Can Extending Your Hours Increase Business?

Many independent restaurants are opening earlier and staying open later in hopes of driving additional business. Some experts say this is an excellent way to boost revenue without increasing fixed costs, especially in college towns where late night diners and drinkers can bring in a major boost to your business.. On the other hand, others claim that earlier and later hours simply increase variable costs like utilities for the additional hours and additional pay for employees who work those extra hours. Also, if your restaurant is open on a Sunday or a Monday, traditionally you don’t see that much early or late business anyway. So who is right? How do you know what is best for your business?

Let’s look at some factors that may have a strong influence on your traffic during peak hours to help you decide if extending hours is right for your business.

Demographic Appeal: Who Are Your Most Frequent Customers?

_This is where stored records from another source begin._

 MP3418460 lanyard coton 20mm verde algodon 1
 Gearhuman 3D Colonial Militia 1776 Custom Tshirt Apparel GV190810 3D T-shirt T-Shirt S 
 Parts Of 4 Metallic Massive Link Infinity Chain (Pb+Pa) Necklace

Do you typically have a midday rush with light evenings and no late night? Or are your slow most of the day and then frantically busy from dinnertime til closing as crowds ebb and flow through your doors? Your traffic pattern will largely depend on your demographic, so you need to get a solid idea of what kind of customer is coming in during peak business hours in order to determine whether opening earlier or later is a good idea. If you tend to see boosts in traffic from noon until dinner or later, you are more than likely catering to a younger demographic of young professional and college-age customers.

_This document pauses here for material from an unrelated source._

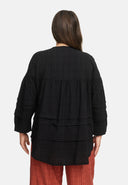 Túnica solta com corte em camadas 'Ferina'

Many of these diners skip breakfast and eat lunch or dinner out, and of course often extend dinner longer to include drinks with friends. This is the crowd that weekdays and weekends routinely stays our until 3 AM sometimes as their class or work schedule allows, so staying open later is definitely your best option if you want to maximize your business with that crowd. However, if your customers tend to be older, stop in for breakfast regularly and never miss a Sunday brunch, you are more than likely getting most of your business from the older professional and retiree crowd, and earlier mornings are definitely in order. Once you’ve established where most of your revenue comes from, you can adjust hours accordingly.

Profitability: Is The Extra Business Worth The Variable Cost?

Owners will need to sit down and look over their books and bills to make this assessment. Staying open later may drive up traffic and sales, but it has to bring in cash after the bills and payroll are done, or else this strategy is costing you additional money instead of earning. If it balances out in your favor to open earlier or later because traffic is up during that time, then you absolutely need to take advantage of those opportunities, but keep in mind that major franchises and fast food chains offer extended hours because they can absorb the hit on the back end. Make sure you don’t have any hits to absorb by making certain that you determine what your variable costs are going to be after the change before you actually swap out the hours on your sign.

Tracking: Do You Have Systems In Place To Track Your Business Progress?

Before making major changes to your operation like extended hours, you need to make sure you have a system in place to verify that you are seeing an increase or decrease in business. Most point-of-sale systems have revenue tracking, but make sure you are doing daily reports and comparing them to track trends. There is no way to verify if your change is having the desired effect without cutting into profits unless you have a way to empirically verify that data on paper.

Ultimately, extending your hours is a controlled risk: you may see a drastic uptick in business from your primary demographic customer base, or you may see a decline in profits due to increased variable expenses. The important thing to remember is to carefully keep track of trends, both increases and decreases, on a daily and weekly basis. If extended hours end up being more hurtful than helpful to your business, then you need to make a course correction as soon as possible in order to minimize your losses. Be sure to give your customers time to adjust to the extended hours as well before making a decision about fishing or cutting bait on extended hours. Word gets around, but sometimes it can take a little while for your regulars to come around.  Also, if providing service during different hours ends up hurting your business, then by all means call it quits, even if you feel that being open later or earlier is helping you boost sales.

This operational decision should always be based on your numbers instead of gambling on instinct and feelings, and you will make the right call so long as you focus on that guiding principle. In the independent restaurant business, facts trump feelings every time.